Bob Oltmanns, APR, Fellow PRSA

The 2019 Christmas shopping season has barely begun, but already America is buzzing about the Peleton Christmas television spot.

If you haven't seen it, take a look here.

In the controversial 0:30 spot, a young husband surprises his wife with a brand new Peleton for Christmas. We can't tell if she's really excited by this, or if she's intimidated by hubby's thinly-veiled suggestion that perhaps she might benefit from a little exercise. But in the end, she embraces her new challenge and ultimately falls in love with her new Peleton-induced lifestyle.

The spot began running a few weeks before Thanksgiving, and based on the reactions in social media, talk radio, and national news coverage, Peleton has struck a nerve among women who decry it as sexist, body-shaming, and degrading. The New York Times went so far as to call it "dystopian."

The outrage spilled out on social media and reached a crescendo when the NASDAQ opened after Black Friday weekend. Peloton shares sank from the previous week's high of $32.65 to $31.43 on December 5, a drop of about 3.7 percent. One media report estimates the stock hit cost Peleton about $1.5 billion in valuation.

On the other side of the debate, there are others who argue that all this is much ado about nothing, with some dismissing the furor to over-sensitivity, and others who are a blend of apathetic, uninspired, or downright supportive.

Confused? Good. You're supposed to be.

Anyone who is under the impression that some rogue marketing executive at Peleton produced this commercial under a veil of secrecy, bought millions of dollars in media time, and took an epic career risk, knows nothing about how advertising works...or more to the point, how multi-million product marketing decisions are made.

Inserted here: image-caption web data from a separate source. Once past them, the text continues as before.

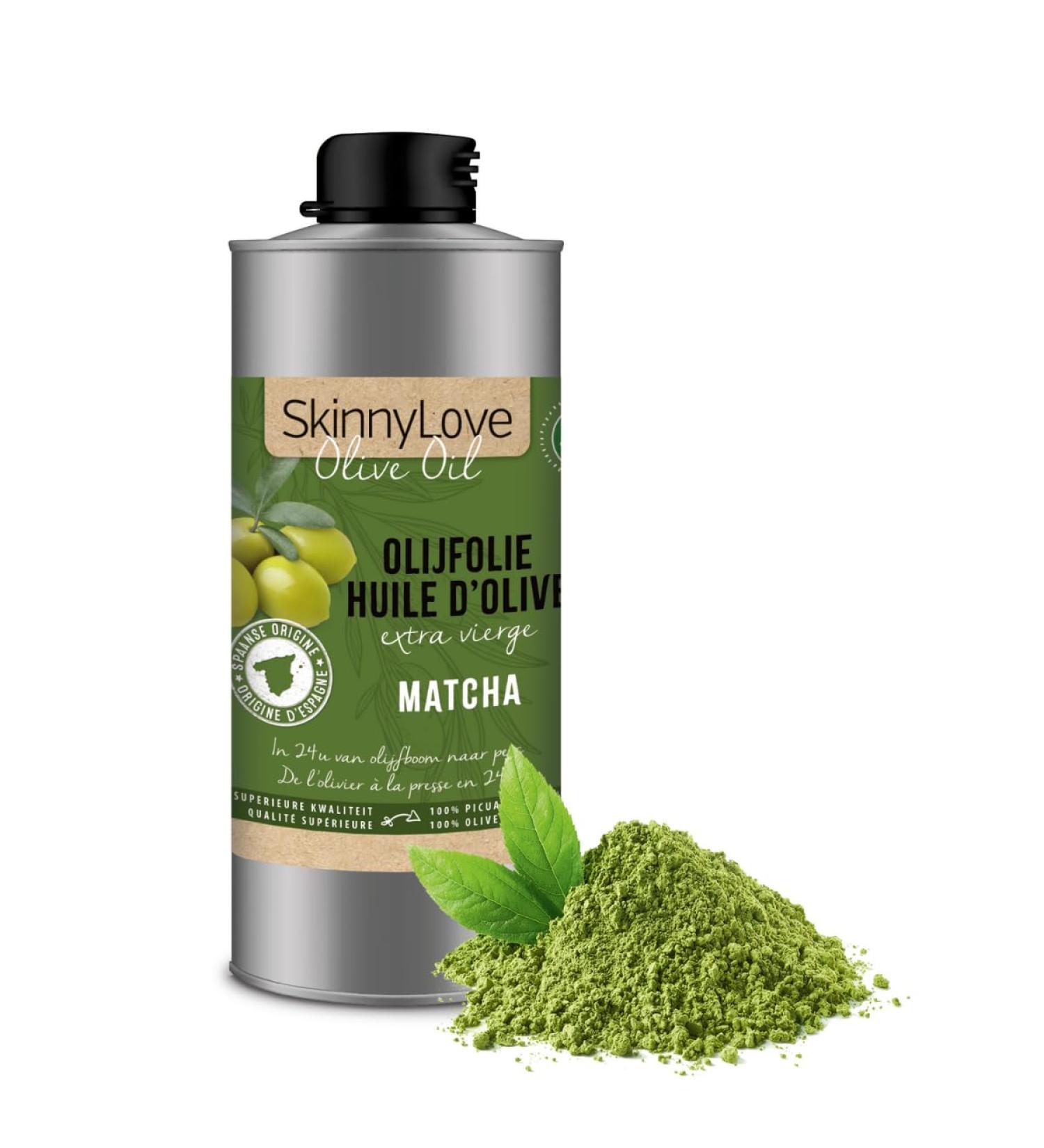  SkinnyLove Lombardia Vita - Organic Extra Virgin Olive Oil 750ml - Matcha - Buy Online on GoSupps.com
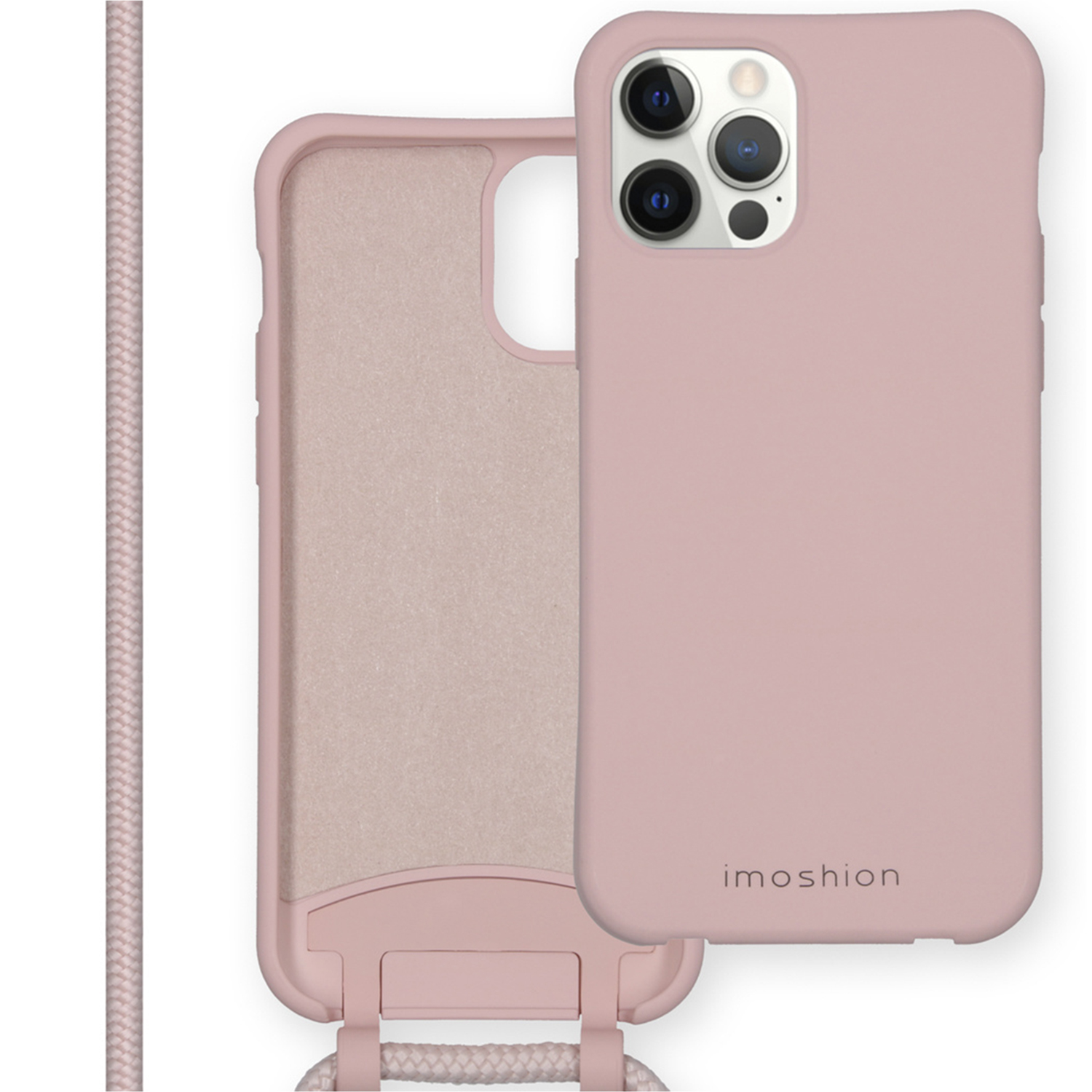 imoshion Color Backcover mit abtrennbarem Band für das Apple iPhone 12 Pro Max - Rosa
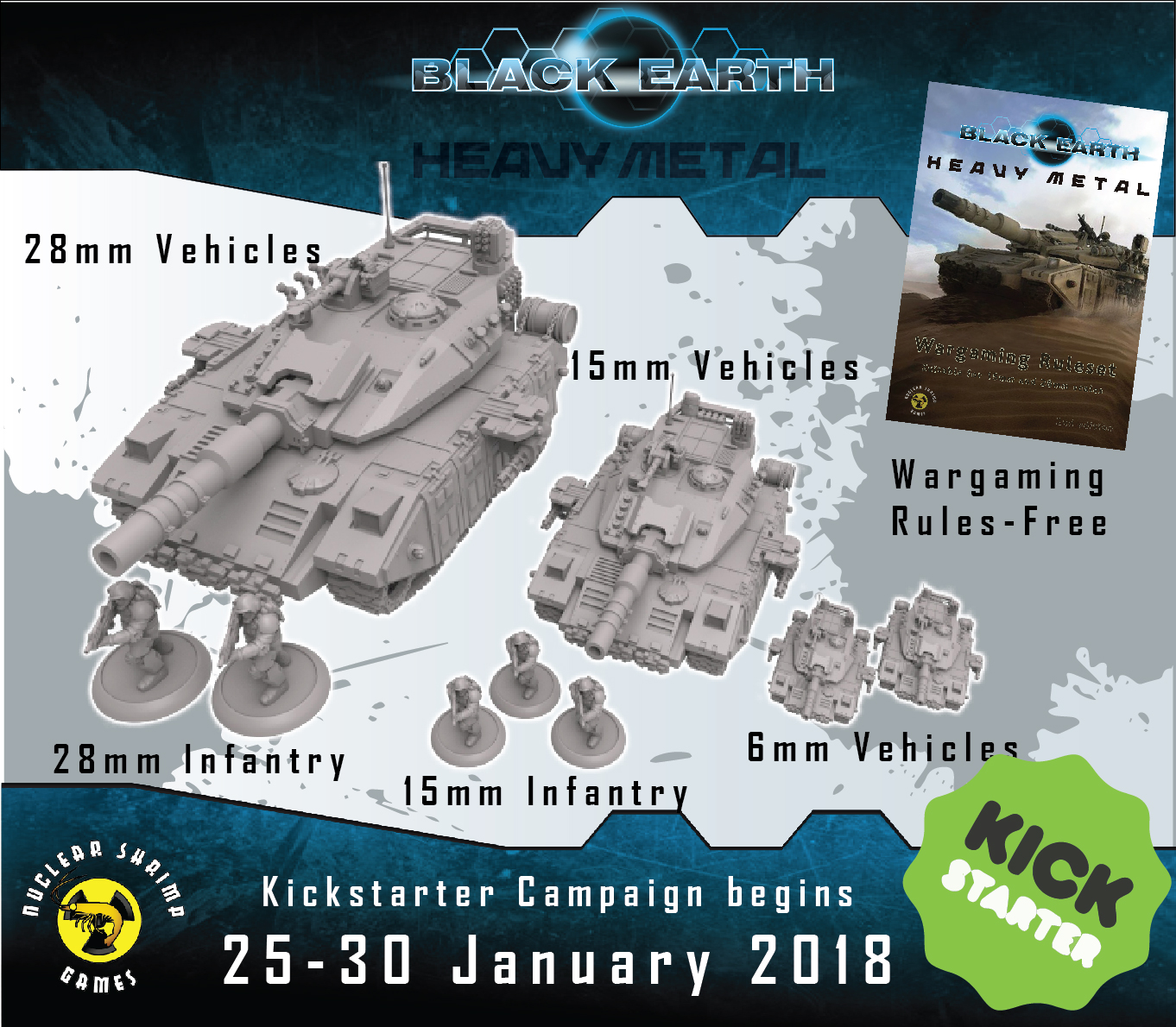 Black Earth : Heavy Metal kickstarter campaign launches on 25-30 January 2018
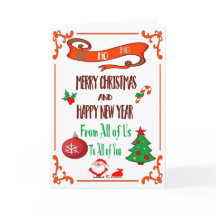Personalise Your Merry Christmas Card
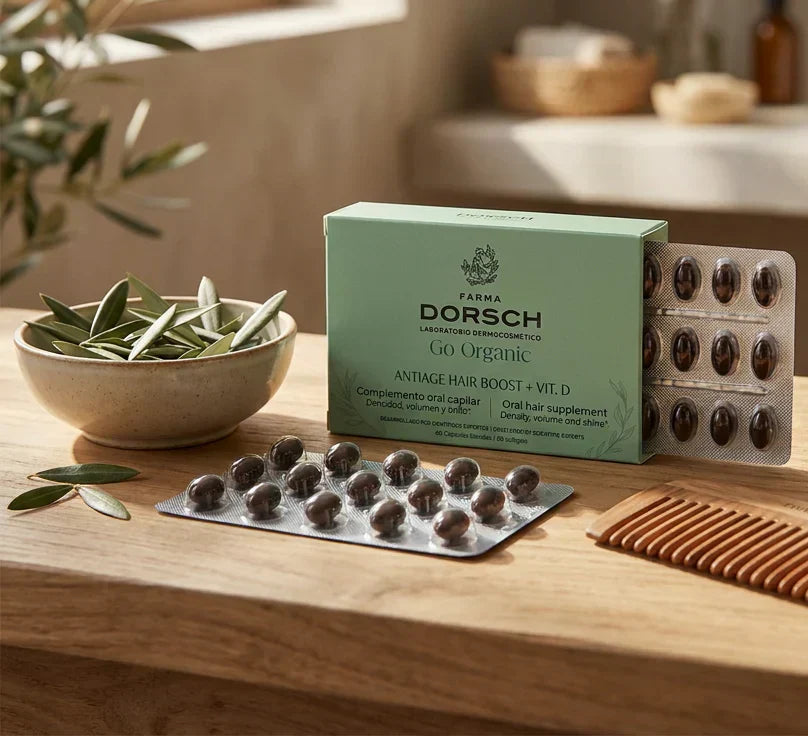 ANTIAGE HAIR BOOST + VIT. D: Nuevo complemento capilar de FARMA DORSCH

Full disclosure--I have no connection whatsoever to Peleton, don't know anyone who works for the company or its advertising agencies, don't own a Peleton, and have no knowledge whatsoever about how this much-ballyhooed commercial came to be. BUT, I'm willing to bet a shiny new $2300 exercise bike under my Christmas tree this year that this commercial was planned, carefully conceived, pitched, vetted, reviewed, previewed, focus-group tested, revised, re-tested, and approved by nearly every senior manager and executive at Peleton before it ever popped on the air.

You think Peleton didn't see this coming? Give me a break.

Not only did the company know it would spark a wide range of opinions, they knew exactly how close to the line of advertising standards of social acceptability they could go without crossing it. The ad is engineered with great precision to be intentionally ambiguous, an achievement that Peleton knocked out of the park.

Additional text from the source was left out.